### Given information
──────────

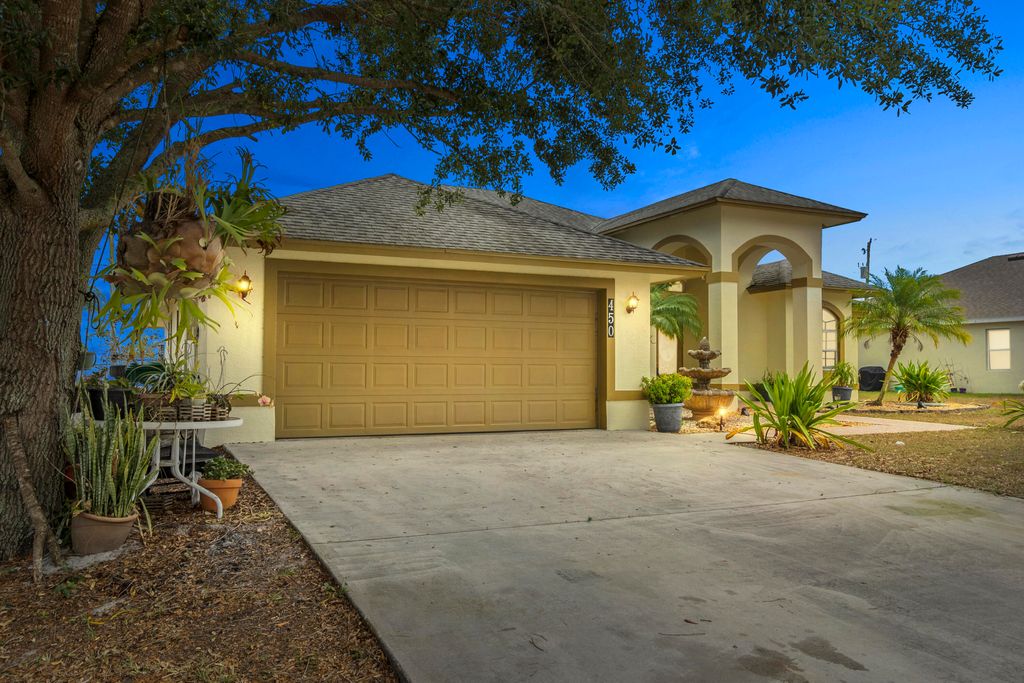 Photo of 450 SW Laconic Avenue, Port Saint Lucie, FL 34953 (MLS # R10793124)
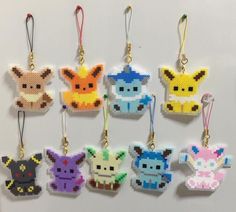 six pixelated pokemon key chains hanging on a white wall, each with different colors and sizes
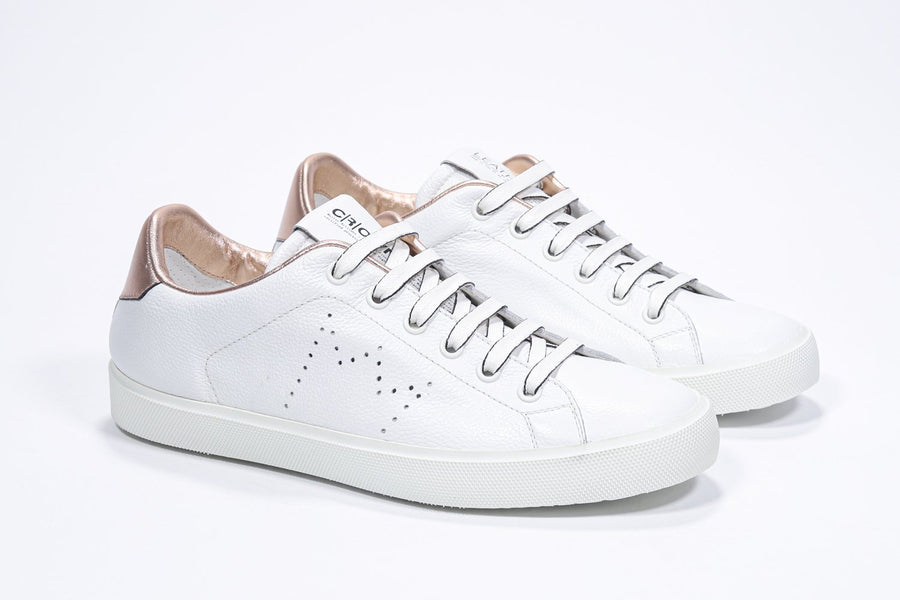 Three quarter front view of low top white sneaker with rose gold metallic detailing and perforated crown logo on upper. Full leather upper and white rubber sole.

──────────

### Task brief
Counting both ends, reproduce word for word the lines from the line with "six pixelated pokemon" to the final line of the listing above, skipping every picture.

### Result of the exercise
 six pixelated pokemon key chains hanging on a white wall, each with different colors and sizes
 Three quarter front view of low top white sneaker with rose gold metallic detailing and perforated crown logo on upper. Full leather upper and white rubber sole.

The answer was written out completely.